Indonesia’s crypto market has grown exponentially in the past 12 months, with 9.5 million traders in Oct. 2021 — more than double year-on-year. Consider the following:
- IDR 480 trillion (about US$33.4 billion) in crypto assets were traded in the first seven months of 2021.
- At least 13 licensed crypto brokers and trading platforms are currently operating for consumers to transact on.
- Indonesia’s government is planning on opening its own national crypto exchange.
It’s not hard to understand why digital currencies are soaring in popularity in Indonesia or, in fact, Southeast Asia — home to one of the largest underbanked and unbanked populations in the world. These are precisely the people who do not have bank accounts or do not have access to financial and credit services by banks. Traditional investment options such as shares, stock or other asset classes are inaccessible for this group, let alone the fees, hassle and procedures involved in opening up and maintaining a bank account.
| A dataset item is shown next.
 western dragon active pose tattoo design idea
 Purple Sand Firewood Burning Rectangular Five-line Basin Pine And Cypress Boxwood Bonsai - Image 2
Conversely, crypto trading is a very appealing prospect. You don’t need a lot of capital to start with, and with an email account and smartphone, you can start trading — in a real-time, borderless manner — virtual or digital currencies via your exchange or digital wallet. Crypto also promises outsized gains, are increasingly being accepted as a form of real-world payment, and most importantly, you don’t need a bank account.
But the high number and value of crypto scams are a growing cause for concern. Globally, there were US$14 billion worth of scams in crypto in 2021 alone, with the size of crypto exchange hacks growing together with the rising prices of crypto. Indonesia contributed 11% of total victims to crypto scams in 2019, the second-highest in the world. The numbers prove the susceptibility of both Indonesian consumers and exchanges to such fraud and hacks.
Understandably, Indonesia’s government has also stepped on the brakes to protect consumers. Crypto exchanges now have to be licensed to operate, while others were banned, its central bank prohibited the use of crypto as a payment tool, and its Financial Services Authority (OJK) restricted financial firms from offering and facilitating sales of crypto assets
How to protect customers
Threats exist across the entire customer journey with crypto exchanges, including onboarding, transactions and identity recovery. The majority of compliance and focus is on the onboarding phase, where exchanges ensure that individuals go through eKYC (electronic “know your customer”) to verify their identity, and businesses undergo KYB (know your business) to verify the business’s legitimacy, to avoid fraud, money laundering or other criminal activity.
But there is more that exchanges can do. Additional measures that can protect investors include:
- KYB, KYT processes: To tackle the high incidence rate of fraud in transactions, exchanges can use KYT (know-your-transaction) monitoring to review transactions in real time, detect any suspicious activity and file such reports as well as manage investigations.
Other than threats in the customer journey, exchanges are also susceptible to hacking and scams that can drain accounts in minutes. Crypto exchanges should hold themselves to the highest security standards, with crypto being a lucrative target for hackers — be it the value of the assets traded or the reputational risk. - Multi-factor authentication: One way to mitigate such risks is to implement multi-factor authentication. Instead of using SMS OTP authentication, which runs the risk of having SMSes diverted and fraudulent transactions performed as well as being a weak link for spoofing, exchanges should consider biometric authentication instead. Biometric authentication is much more robust, identifying the individual rather than the device, and solutions like liveness detection allow verification of a live user by checking the live person’s facial movements. This makes it less likely for identity theft to occur.
- Biometric authentication: The use of biometric authentication should still be balanced with OTPs and other forms of authentication. Not all users may have access to smartphones with biometric authentication capabilities. Take, for example, Indonesia’s smartphone penetration at just 62% despite being the region’s largest digital economy. While more than half of users have smartphones, 38% of the population still needs to rely on OTP-based authentication methods. While solutions implemented should be robust enough for most of their clients, exchanges should allow for their services to still be accessed by those without biometric authentication capabilities and less digital native consumers, who do not know how to enable camera/ fingerprint functions or have concerns about such digital security measures.
Other preventive measures include the ability to store crypto in cold wallets (offline), temporary or permanent account locks when a user exceeds a certain number of failed login attempts, and blocking withdrawals once account details like the linked email address and phone number are changed.
Crypto exchanges should also notify users when funds are withdrawn or deposited, to alert customers of any suspicious activity. Potentially, the exchange could also allow users to click in and cancel the transaction or suspend the account immediately.
For the methods above, crypto exchanges can involve users in the decision-making by getting them to consent and indicate what constitutes suspicious activity and when they want their account to be locked/ frozen, what they want to be alerted for and how much liquidity they need in their hot wallets.
Indonesia’s crypto future
Indonesia’s appetite for crypto, particularly among the young, digital-savvy population shows no signs of slowing down. This will further draw the attention of regulators hoping to increase consumer protection, safety and compliance, as well as bad actors ready to pounce on lax security infrastructure or customer lapses. Crypto exchanges must urgently play their part in protecting themselves and their customers from financial and reputational risk.